The character John Hammond (the genius behind Jurassic Park) and the composer John Williams (the genius behind the music of Jurassic Park) look very similar.
Coincidence? I think not.
LOL! I never noticed that.
one of his best themes i think….has that “inevitable ” quality he strives for…..thanks for this
I enjoyed your analysis of the theme from Jurassic Park. I was a bit surprised that you did not include any references to the English symphonic style of the late 19th century/early 20th century, especially Williams’ use of Gustav Holst’s orchestrational and harmonic style in “The Planets.” The use of the flatted leading-tone chords you referenced (Ab major in the key of Bb) is not infrequent in the music of Holst, Vaughan Williams, and others. Like Holst’s depiction of the immensity of the solar system, Williams chooses this tonal language to convey the immensity of the dinosaurs and something of their regal nature as well. The subtext, in my opinion, is that these beasts were kings of their realm, as Holst’s planets, all named for Roman gods, “rule” their domain in their immensity and grandeur. The music also implies our relatively puny stature next to theirs. Finally, the lowered seventh conveys an exotic mode, rather than the common-practice major/minor system (primarily the Mixolydian), implying a world removed from our own (and perhaps even a sense of anachronism, just as the dinosaurs are an anachronism in today’s world).

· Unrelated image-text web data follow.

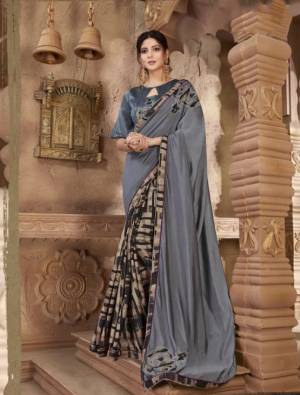 Flaunt Your Rich And Elegant Taste Wearing This Designer Saree In Grey Color Paired With  Grey Colored Blouse. It Is Rich Silk Based Which Gives A Rich And Elegant Look To Your Personality. 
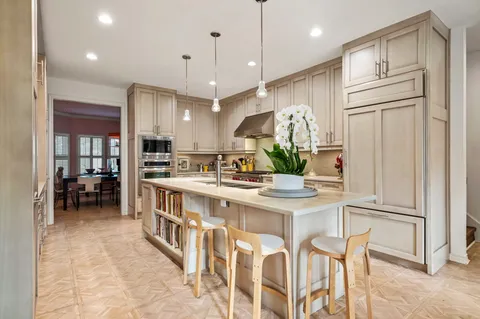 a kitchen with stainless steel appliances kitchen island granite countertop a table chairs and a refrigerator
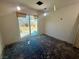 Bright living room with sliding glass doors leading to a backyard view; blank space awaiting personalization at 619 Brush St, Las Vegas, NV 89107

Just my two cents’ worth. Again, thanks for your diligent work!
Thanks for sharing these insights, Lester. Yes, surely there is a good deal of Holst, Vaughan Williams, and other composers of that era in Williams. And you make a good case for the similarity between the larger-than-life feel of both Holst’s planets and Williams’ dinosaurs. The thing about Williams is that his music is such a cohesive fusion of so many influences and styles that it is difficult to tease them all out and to say exactly which comes from where. But you’ve given us a glimpse of a likely influence in this case. I agree that the Mixolydian seventh he writes adds an archaic, otherworldly sound, especially given that we’ve been hearing the major seventh up to that point, so its entrance is heightened by the contrast. Also being a sus (or quartal) chord thrown into the context of a very triadic piece, the same note is even couched in a harmony that somewhat stands out. (Though there are a few other such chords before this, these others sound more like triads with dissonance rather than chords unto themselves.) Thanks again for your comments. Cheers.
Thanks Film Score Junkie for your useful post. And the same for you Lester for your comment.
What a valuable information!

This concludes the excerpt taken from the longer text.